2.3 The Vision for RAG
Moving beyond early RAG applications reliant on vector storage and retrieval, a systematic approach to RAG framework construction is necessary. Content, retrieval methods, and generators (LLMs) are the fundamental elements of a RAG system.
Optimizing retrievers has been extensively explored due to their convenience. Beyond vector databases, other data structures like key-value, relational, or graph databases should be considered based on data structure. Adjusting retrievers accordingly can further enhance retrieval aggregation.
LLMs can play a crucial role in content preprocessing. Rather than simple slicing, vectorization, and retrieval, using classification models and LLMs for summarization and reconstruction can store content in more LLM-friendly formats. This approach relies more on semantics than vector distances, significantly improving generation quality. The TypoX AI team has validated this method in product implementation.
Optimizing multiple elements simultaneously, especially integrating retrieval with generation model training, represents a significant direction for RAG. This integration can enhance both retrieval and generation quality. Some argue that advancements in LLM capabilities and lower-cost fine-tuning will render RAG obsolete. However, enhancing f (the LLM’s parameters) and x (the input) are complementary strategies. Advanced RAG also involves model fine-tuning for specific knowledge bases, extending beyond input enhancement. RAG’s value lies in superior generative results compared to raw LLMs, better timeliness and efficiency than fine-tuned models, and lower configuration costs.
3. Human and AI Interaction
3.1 Positioning of Large Models
The author opposes the notion that large models alone can meet all user needs. While powerful, large models alone do not suffice to create fully functional agents. Custom-trained or fine-tuned smaller models showcase a team’s capability but may not always enhance user experience. Investing resources in other elements (tools, knowledge bases, workflows) may yield better results. In the Web3 industry, lacking proprietary training data and evaluation standards, the focus should be on developing industry-specific databases and standards, not merely ranking universal (small) models.
Underestimating large models is also a mistake. Early TypoX AI product exploration involved low trust in models, leading to overdeveloped processes. Balancing hard logic with LLM involvement, we achieved an optimal balance, addressing issues like increased costs and slower response times due to quality assurance measures (e.g., LLM self-reflection).
3.2 The Value of Humans
Advancements in AI capabilities highlight human value more concretely.
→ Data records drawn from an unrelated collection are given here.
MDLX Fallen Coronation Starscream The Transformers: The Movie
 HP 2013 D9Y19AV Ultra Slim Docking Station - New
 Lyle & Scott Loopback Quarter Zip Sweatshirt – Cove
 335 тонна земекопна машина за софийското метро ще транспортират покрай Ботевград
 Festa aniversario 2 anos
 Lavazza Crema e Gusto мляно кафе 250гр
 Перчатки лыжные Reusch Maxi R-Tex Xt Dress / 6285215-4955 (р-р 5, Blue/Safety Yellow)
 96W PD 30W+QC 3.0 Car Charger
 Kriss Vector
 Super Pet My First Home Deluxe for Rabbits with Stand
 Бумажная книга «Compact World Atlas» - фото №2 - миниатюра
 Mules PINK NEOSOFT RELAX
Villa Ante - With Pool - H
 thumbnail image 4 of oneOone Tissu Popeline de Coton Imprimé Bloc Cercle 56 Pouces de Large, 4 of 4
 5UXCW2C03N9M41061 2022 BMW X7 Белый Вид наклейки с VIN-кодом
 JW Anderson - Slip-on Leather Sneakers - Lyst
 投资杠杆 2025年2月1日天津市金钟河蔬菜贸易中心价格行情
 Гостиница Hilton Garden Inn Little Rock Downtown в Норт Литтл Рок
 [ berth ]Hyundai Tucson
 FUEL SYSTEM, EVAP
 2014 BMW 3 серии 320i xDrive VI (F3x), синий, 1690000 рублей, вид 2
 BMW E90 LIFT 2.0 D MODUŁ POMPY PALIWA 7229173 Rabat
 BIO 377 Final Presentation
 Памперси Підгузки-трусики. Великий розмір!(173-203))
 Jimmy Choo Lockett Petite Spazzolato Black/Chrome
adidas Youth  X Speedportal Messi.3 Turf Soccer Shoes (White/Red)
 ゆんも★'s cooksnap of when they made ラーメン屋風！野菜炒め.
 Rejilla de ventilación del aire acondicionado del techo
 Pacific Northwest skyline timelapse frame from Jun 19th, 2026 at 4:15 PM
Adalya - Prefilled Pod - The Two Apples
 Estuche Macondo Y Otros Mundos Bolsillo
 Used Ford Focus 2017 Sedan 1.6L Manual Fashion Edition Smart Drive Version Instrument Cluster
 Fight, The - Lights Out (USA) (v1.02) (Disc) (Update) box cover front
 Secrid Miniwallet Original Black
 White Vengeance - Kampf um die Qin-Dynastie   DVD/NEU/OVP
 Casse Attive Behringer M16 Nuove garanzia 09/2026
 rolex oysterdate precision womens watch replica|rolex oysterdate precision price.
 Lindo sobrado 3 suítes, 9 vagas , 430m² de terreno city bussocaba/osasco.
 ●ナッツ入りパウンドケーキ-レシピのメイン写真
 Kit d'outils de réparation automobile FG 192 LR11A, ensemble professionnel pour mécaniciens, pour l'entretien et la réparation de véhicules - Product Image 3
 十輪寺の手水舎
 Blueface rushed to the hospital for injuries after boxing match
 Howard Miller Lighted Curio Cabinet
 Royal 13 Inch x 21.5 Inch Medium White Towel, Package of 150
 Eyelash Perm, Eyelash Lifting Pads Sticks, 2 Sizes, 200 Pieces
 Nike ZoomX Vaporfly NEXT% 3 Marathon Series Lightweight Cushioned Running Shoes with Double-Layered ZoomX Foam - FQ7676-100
In human-computer interactions, humans remain the most efficient agents, knowing their needs best. AI can self-reflect, but human decision-making aligns more closely with user requirements. Prioritizing accuracy over response time may not always be wise, as some decisions are better made by users, who should retain primary decision-making authority.
Ignoring human presence and overemphasizing model performance neglects user experience and the efficiency of human-computer collaboration. Transforming product users into co-creators aligns with the decentralized spirit of the crypto community. From preferences for knowledge bases and tools to prompt and workflow exploration, and the corpus for model training and fine-tuning, all components of DAgent rely on community participation. The TypoX AI team has initiated mechanisms for user collaboration, gradually opening up to the community, ensuring every TypoX AI user, regardless of hardware limitations, can participate in the DAgent ecosystem construction.